Dans ce cadre, il est hors de question que la construction européenne soit freinée par les habitants : si des années 70 aux années 90 la construction avançait comme un processus inéluctable (et mobilisant de moins en moins les foules), hormis les cas anglais et danois, les référendums du XXIe siècle (France en 2005, Irlande en 2005 et 2008, Ecosse en 2014, Grèce en 2015), divers dans leurs buts, sont tous traités de la même façon : ils contredisent dans l'esprit la construction et n'ont donc pas à être respectés. Ces consultations doivent être dénoncées, sur un mode catastrophiste (ruine et famine étant censées s'abattre sur les partisans de la moindre Europe) et leurs résultats doivent être contournés : l'Irlande devra revoter en 2008, Sarkozy piétinera en 2008 la volonté des Français exprimées en 2005, et la Grèce se voit écrasée - les parlements nationaux étant sommés d'approuver la mesure.

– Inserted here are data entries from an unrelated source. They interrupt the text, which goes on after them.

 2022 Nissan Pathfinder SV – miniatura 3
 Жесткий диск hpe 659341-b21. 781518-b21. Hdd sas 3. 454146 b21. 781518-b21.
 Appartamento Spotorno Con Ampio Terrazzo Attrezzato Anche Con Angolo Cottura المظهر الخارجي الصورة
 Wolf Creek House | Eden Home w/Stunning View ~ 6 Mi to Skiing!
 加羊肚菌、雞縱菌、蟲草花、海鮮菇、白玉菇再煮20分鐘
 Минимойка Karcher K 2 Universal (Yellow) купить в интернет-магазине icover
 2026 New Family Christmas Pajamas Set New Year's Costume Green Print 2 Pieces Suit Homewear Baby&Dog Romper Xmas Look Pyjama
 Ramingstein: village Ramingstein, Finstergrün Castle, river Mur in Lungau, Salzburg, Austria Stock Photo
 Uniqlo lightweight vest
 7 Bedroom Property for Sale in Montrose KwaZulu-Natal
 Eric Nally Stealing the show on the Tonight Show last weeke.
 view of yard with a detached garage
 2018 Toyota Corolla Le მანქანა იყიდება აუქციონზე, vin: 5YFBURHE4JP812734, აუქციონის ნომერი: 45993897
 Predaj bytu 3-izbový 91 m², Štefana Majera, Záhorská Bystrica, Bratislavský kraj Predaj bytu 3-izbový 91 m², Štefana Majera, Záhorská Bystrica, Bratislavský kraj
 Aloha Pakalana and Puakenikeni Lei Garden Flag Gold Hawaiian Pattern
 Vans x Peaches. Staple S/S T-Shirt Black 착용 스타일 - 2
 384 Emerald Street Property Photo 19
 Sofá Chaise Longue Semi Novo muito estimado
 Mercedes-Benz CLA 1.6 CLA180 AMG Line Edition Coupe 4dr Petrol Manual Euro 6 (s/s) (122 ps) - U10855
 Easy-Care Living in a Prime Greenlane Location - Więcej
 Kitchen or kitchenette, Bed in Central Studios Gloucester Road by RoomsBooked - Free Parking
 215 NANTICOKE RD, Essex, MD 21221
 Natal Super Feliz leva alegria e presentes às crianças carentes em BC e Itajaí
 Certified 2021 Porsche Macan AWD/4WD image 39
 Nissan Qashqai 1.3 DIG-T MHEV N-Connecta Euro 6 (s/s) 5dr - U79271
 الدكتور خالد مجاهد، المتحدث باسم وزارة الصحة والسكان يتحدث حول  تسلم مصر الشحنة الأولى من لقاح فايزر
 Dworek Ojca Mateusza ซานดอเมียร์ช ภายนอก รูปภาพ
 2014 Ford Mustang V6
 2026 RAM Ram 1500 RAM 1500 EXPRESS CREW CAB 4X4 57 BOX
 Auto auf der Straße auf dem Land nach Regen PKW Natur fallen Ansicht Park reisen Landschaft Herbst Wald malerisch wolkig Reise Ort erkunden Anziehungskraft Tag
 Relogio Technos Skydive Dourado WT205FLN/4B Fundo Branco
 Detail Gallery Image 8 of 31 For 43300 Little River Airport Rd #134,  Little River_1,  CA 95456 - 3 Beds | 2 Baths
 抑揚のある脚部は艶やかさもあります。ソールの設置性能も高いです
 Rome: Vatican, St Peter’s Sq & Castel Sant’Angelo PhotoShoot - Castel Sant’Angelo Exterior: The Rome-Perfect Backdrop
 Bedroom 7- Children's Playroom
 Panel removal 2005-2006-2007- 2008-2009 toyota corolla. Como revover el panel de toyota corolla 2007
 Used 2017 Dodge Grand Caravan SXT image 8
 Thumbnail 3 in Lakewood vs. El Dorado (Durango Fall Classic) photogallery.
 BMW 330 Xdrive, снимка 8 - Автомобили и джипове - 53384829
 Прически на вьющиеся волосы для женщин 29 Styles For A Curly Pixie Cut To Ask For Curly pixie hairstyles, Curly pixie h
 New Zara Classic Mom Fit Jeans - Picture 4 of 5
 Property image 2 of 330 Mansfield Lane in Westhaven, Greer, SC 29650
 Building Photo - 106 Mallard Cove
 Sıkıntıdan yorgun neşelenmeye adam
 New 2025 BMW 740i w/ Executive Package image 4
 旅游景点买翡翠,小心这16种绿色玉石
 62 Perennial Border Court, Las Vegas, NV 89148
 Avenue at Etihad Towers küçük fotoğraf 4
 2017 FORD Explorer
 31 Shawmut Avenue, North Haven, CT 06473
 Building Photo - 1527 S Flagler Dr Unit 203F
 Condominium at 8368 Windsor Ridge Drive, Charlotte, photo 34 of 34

L'Union européenne est à elle-même sa propre justification, la marche vers le fédéralisme se passera de l'assentiment des populations. Certains n'ont-ils pas salué l'instauration du Mécanisme européen de stabilité (MES, né avec la crise grecque, en 2010) comme étant l'embryon d'un budget européen - échappant bien sûr aux validations nationales ? L'UE se révèle donc comme une impasse démocratique... ou comme un projet politique conscient qui veut échapper à l'adhésion populaire et n'entend tirer sa légitimité que de lui-même. La voie est de plus en plus étroite et le commandement toujours plus impérieux : quelle sera la prochaine mutation impérialiste des autorités européennes ? Et ce qui reste de nation saura-t-il y résister ? L'épisode grec aura eu le mérite de dissiper les derniers doutes quant à la nature du pouvoir européen. Il reste à (res)susciter "les alternatives impossibles ».